But what Wolfe can tell me is that Camembert is the result of a special kind of mold, Penicillium camemberti. It only grows in caves in northern France. Until now.

Wolfe and his team were able to make the Camembert mold in his lab. He took an ancestor of the Camembert mold, which is found everywhere, and managed to speed up the natural evolutionary process.

"So what we did is, we took one of these wild blue molds and we put them on cheese in the lab. And every week, we gave them fresh cheese. Over and over and over again. And within about three or four weeks, they lost all that musty smelling aromas and they began to smell like beautiful, fresh cheese," he said.

This is about more than watching mold transform in a lab, however exciting that may sound. Wolfe said in a matter of five to 10 years, this experiment could have ramifications for cheese-makers around the world.

"The mold that we are using, that wild ancestor mold that we were using, was from Vermont. It was not from France. And so what we are excited by is the idea that we could recreate this domestication process, to create a California Camembert mold or a Vermont Camembert mold. So it suggests a new way to domesticate new strains for cheese making," Wolfe said.

That's pretty cool.

I spoke with Ihsan Gurdal, the owner of the cheese shop Formaggio Kitchen in Cambridge, Mass., to see what he had to say about all of this.

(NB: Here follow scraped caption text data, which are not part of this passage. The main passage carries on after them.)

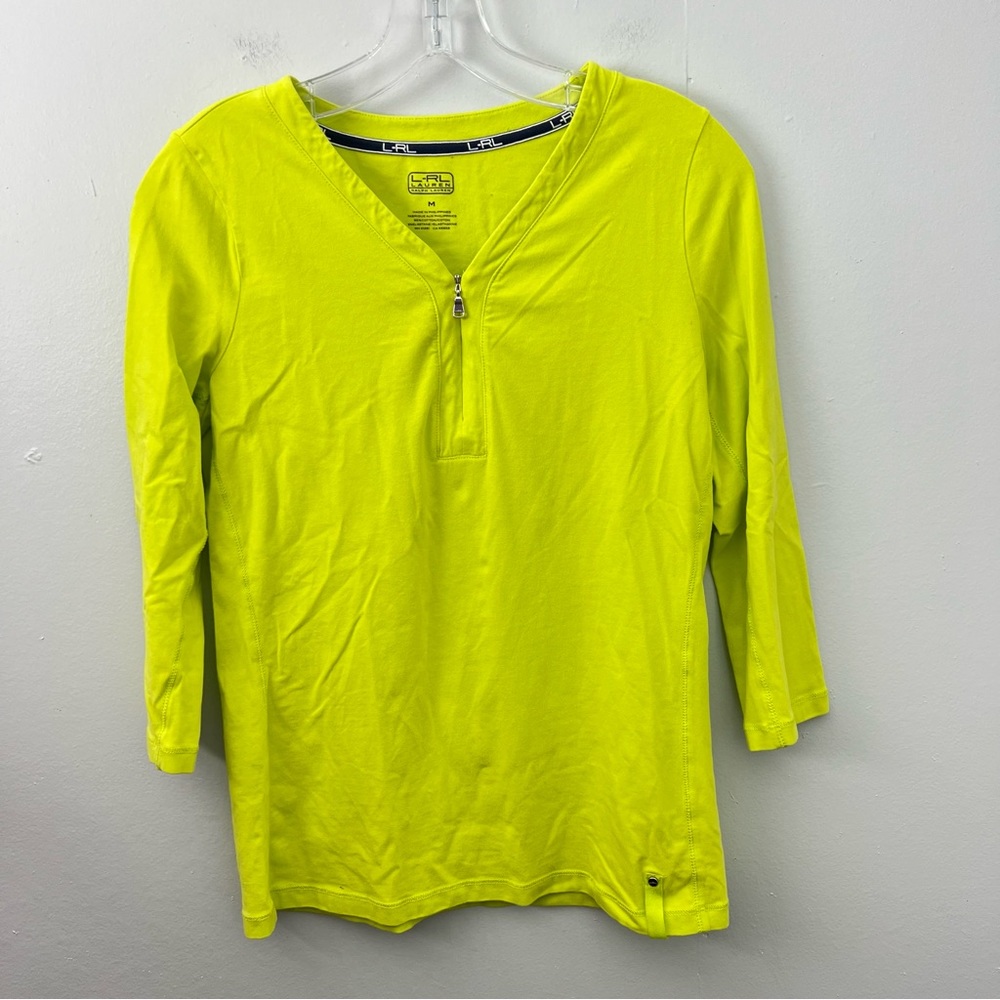 Lauren Ralph Lauren Neon Top Zipper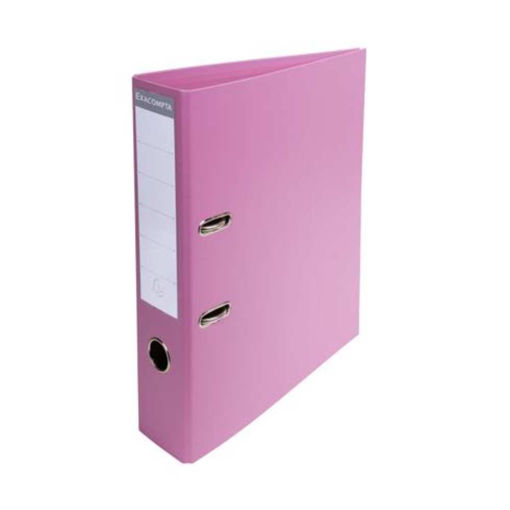 Picture of EXACOMPTA LEVER ARCH FILE 70MM PASTEL PINK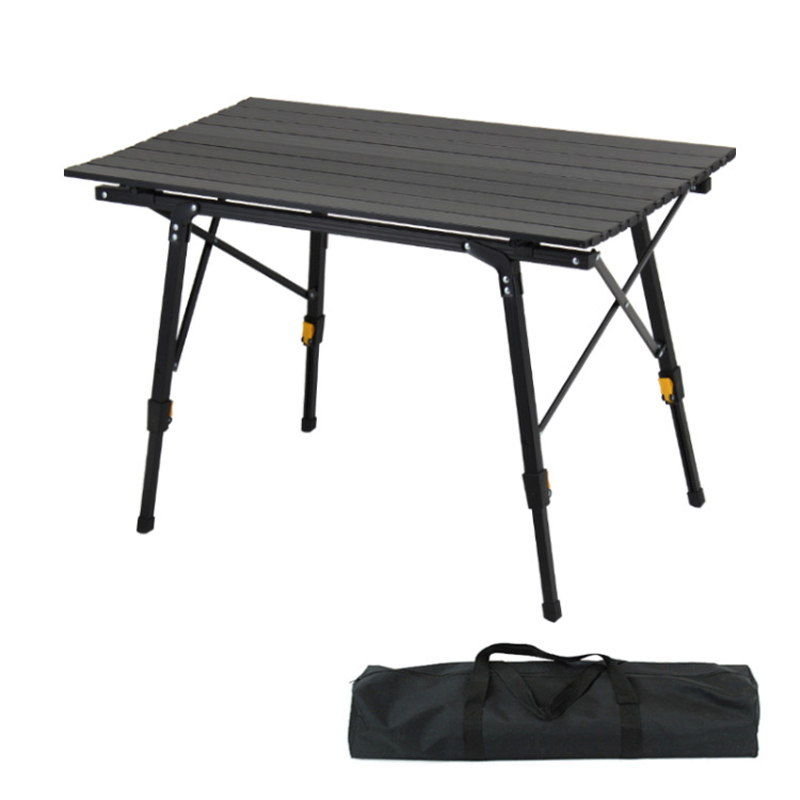 Klappbarer Eierrollen-Camping-Picknicktisch aus Aluminium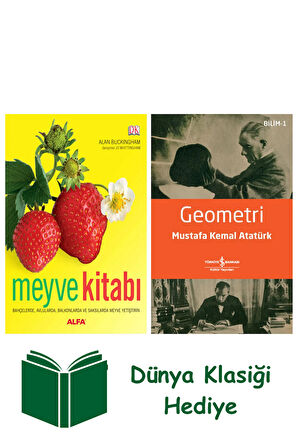 Meyve Kitabı (Ciltli) + Geometri + Dünya Klasiği Hediye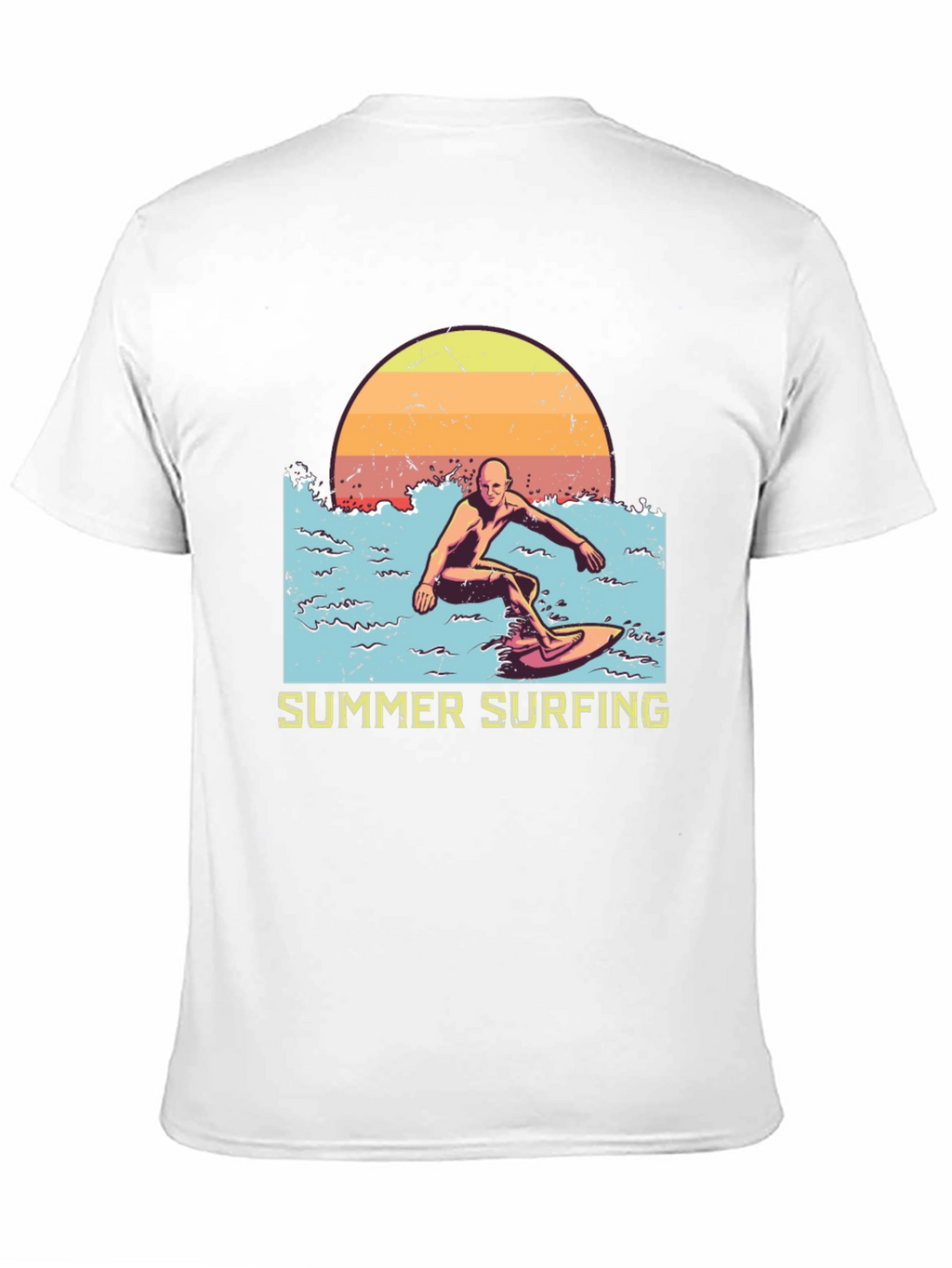 Summer Surfing Graphic Tee - Black
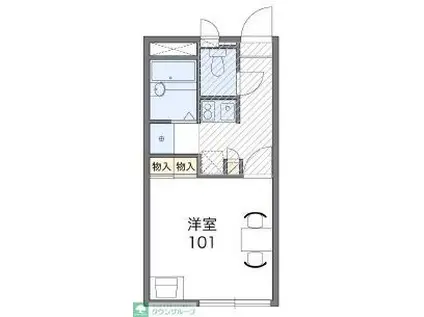 レオパレスバロンII(1K/1階)の間取り写真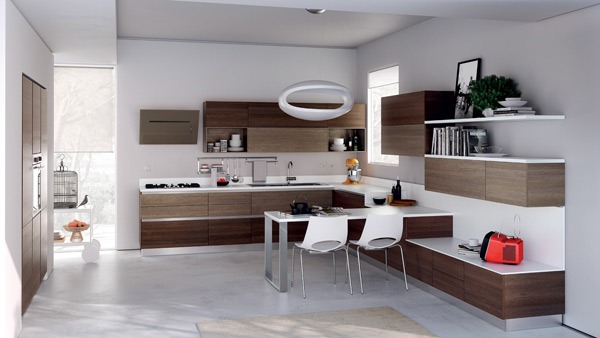 Desain Dapur  Modern  Dengan  Tema Kayu  Model Denah Rumah 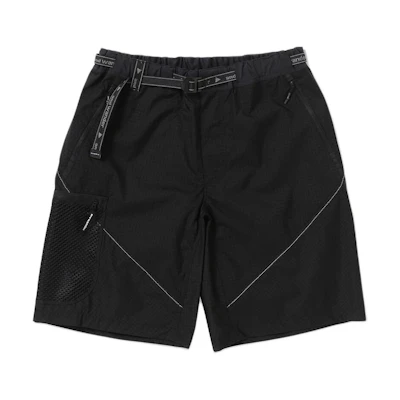 and wander SS24 Unisex Black Mid-Rise Casual Pocket Shorts 5744122118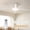 White, variant on Ceiling Fans with Lights, 52 inch Flush Mount Ceiling fan with Remote Control, Low Profile Ceiling Fan for Bedroom, Farmhouse, Reversible, 3CCT, Dimmable, Noiseless DC Motor, Black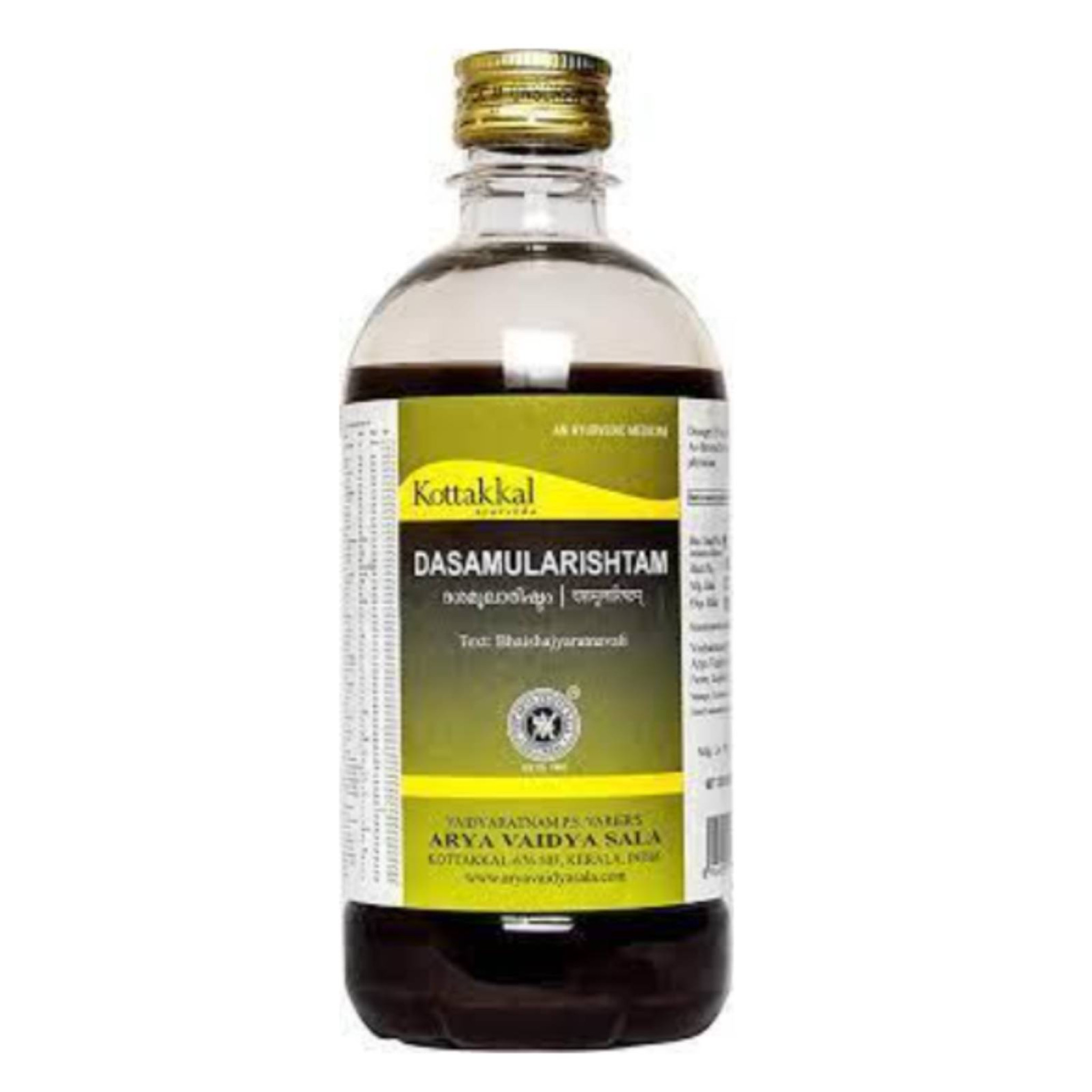 Dasalamolarsitham ( Ayurveda ), 450 ml     - Premium Quality from India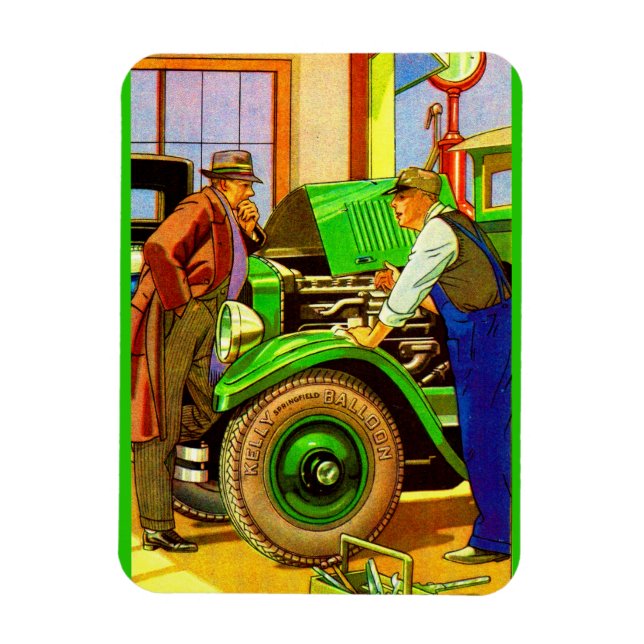 1924 Kelly Springfield ballong däck ad Magnet (Vertikal)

"Well, I think it's exciting that people are trying to do new things," Gurdal said.

But he said nothing can replace real Camembert, the Camembert from Normandy.

"The taste of mushrooms, the texture of the cheese, the luxurious creaminess of it. It's hard to match," he added.

What he's saying is that there's a lot that goes into exceptional cheese. The mold, sure. But there's the milk, the soil — the terroir, as the French say — the knowledge passed down from generation to generation.

And, maybe, a little divine intervention.